A close up of the Immigration and Customs Enforcement badge.

The Supreme Court’s stay in Vasquez Perdomo v. Noem restores ICE authority in Los Angeles, igniting national debate over racial profiling, constitutional rights, and immigration enforcement.

Getty Images, Tennessee Witney

Introduction

The Supreme Court’s recent decision in September 2025 to stay a lower court’s order in Vasquez Perdomo v. Noem marks a significant development in the ongoing debate over the balance between immigration enforcement and constitutional protections. The decision temporarily lifted a district court’s restrictions on Immigration and Customs Enforcement (ICE) operations in the Los Angeles area, allowing agents to resume certain enforcement practices while litigation continues. Although the decision does not resolve the underlying constitutional issues, it does have significant implications for immigration policy, law enforcement authority, and civil liberties.


Background

In June 2025, the Trump administration ordered large-scale ICE raids across the Los Angeles region, which had declared itself a “sanctuary” for undocumented immigrants in November 2024. Following these operations, in July 2025, Judge Maame Ewusi-Mensah Frimpong of the U.S. District Court for the Central District of California issued a temporary restraining order (TRO) in Perdomo v. Noem. The TRO barred ICE officers from relying on specific factors as the sole or combined basis for establishing “reasonable suspicion” during detentive stops.

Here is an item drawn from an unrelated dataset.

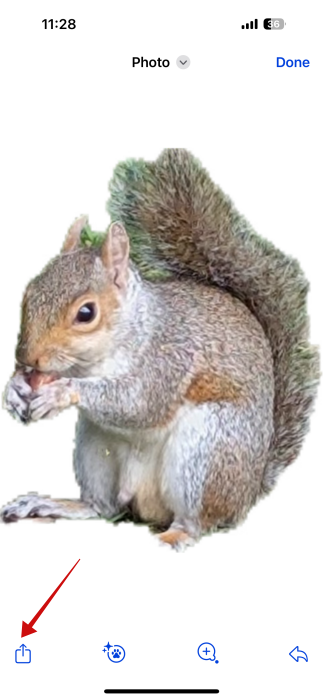 Pressing "Share" button on sticker view page in Messages app on iOS.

The TRO prohibited reliance on:

  1. Apparent race or ethnicity
  2. Speaking Spanish or English with an accent
  3. Presence at particular locations (bus stops, laboring sites, agricultural areas)
  4. Type of work one does

The Department of Justice (DOJ) appealed the order, arguing that it hindered ICE’s ability to enforce federal laws. The Ninth Circuit partially narrowed, but largely upheld, the restrictions. On August 7, 2025, the U.S. Government, represented by the Department of Homeland Security (DHS) and Secretary Noem, petitioned the Supreme Court for emergency relief, claiming the lower court’s order threatened to impede ICE operations in an area where roughly 10 percent of residents are undocumented.

On September 8, 2025, the Supreme Court in a 6-3 vote granted a stay pending appeal–temporarily halting the TRO issued by the lower court, and restoring ICE enforcement authority in the Los Angeles region. No majority opinion was issued–Justice Kavanaugh’s concurring opinion is the only guiding insight offered for the decision. The decision occurs within a broader context of the Trump Administration’s stepped-up immigration enforcement. According to TRAC immigration data, arrest locations are concentrated in states like Texas, California, and Florida, with a majority of those detained having no criminal conviction. As of September 21, 2025, there were 59,762 people in ICE detention nationwide.

Arguments in Favor of the Supreme Court Decision

Supporters of the Supreme Court’s decision suggest that the stay allows the federal government to continue enforcing immigration laws effectively, free from unnecessary limitations. Justice Kavanaugh expressed, in his concurring opinion, that the government would likely suffer irreparable harm if the TRO remained in place given the scale of illegal immigration in Los Angeles–estimated at two million individuals, or about 10 percent of the regional population. Proponents, including DHS Security spokeswoman Tricia McLaughlin, claim the decision enables ICE to continue removing dangerous criminal aliens, including gang members and violent offenders. The government argued that officers should be able to rely on behavioral and contextual clues—such as language or worksite patterns—when conducting immigration enforcement in high-traffic regions, suggesting that restricting these factors creates unrealistic barriers to effective enforcement.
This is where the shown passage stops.